The change was first noticed by XDA, and according to it, there are about 18 Chromebooks which are powered by Apollo Lake chips, this includes devices from Acer, Asus, Lenovo, and Dell. Besides, Pixelbook by Google and Samsung's Chromebook Plus already have the native support for Linux program. It is also being expected that the Acer's Chromebook 13 and Spin 13 will ship with the feature straight out-of-the-box.
Google had previously mentioned that it has been working on bringing the Linux software on Chromebook hardware for quite some time now.
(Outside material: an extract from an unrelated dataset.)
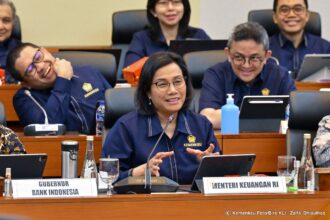 Menteri Keuangan Sri Mulyani Indrawati mengikuti rapat kerja dengan Badan Anggaran DPR di Kompleks Parlemen, Senayan, Jakarta, Rabu (4/9/2024). Foto: dok. Kemenkeu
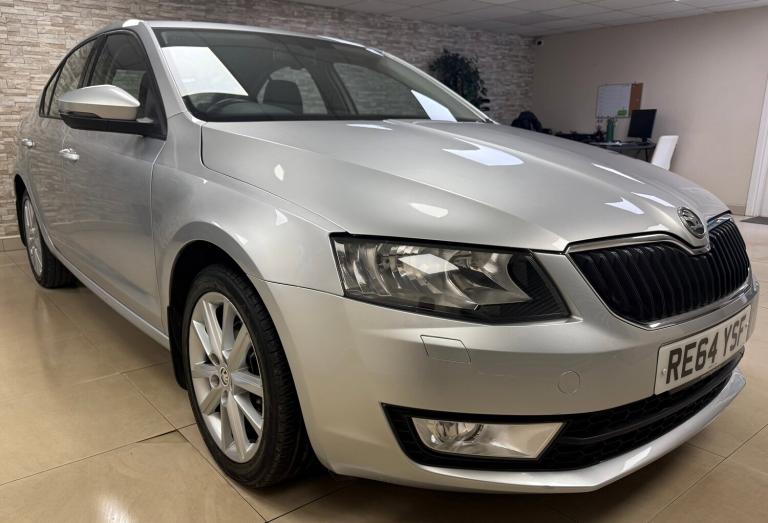 2014 Skoda Octavia 1.4 TSI Elegance Hatchback 5dr Petrol DSG Euro 5 (s/s) (140 ps) Hatchback Petr...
The tech giant has officially announced the Project Crostini last month which allows the container-based Linux applications to run on the Chromebooks.
The Crostini project has made it possible for a user to install an open-source GNU/Linux distro on top of the Chrome OS. This step taken by the company will make sure that even the users who are not technically sound will now be able to run these apps out-of-the-box without the requirement of a secondary operating system.
It is also worth noting the fact that this feature will only be activated for the Canary and Developer channels at the beginning and it will take some time before the feature is being rolled out for the regular users. The feature will make its way to the regular users after an update on their device. The Stable and the Beta channel users will receive the feature with Chrome OS 69, which is also speculated to bring a number of other changes in the platform. This will also include the hardware acceleration for graphics and native support for FUSE file systems.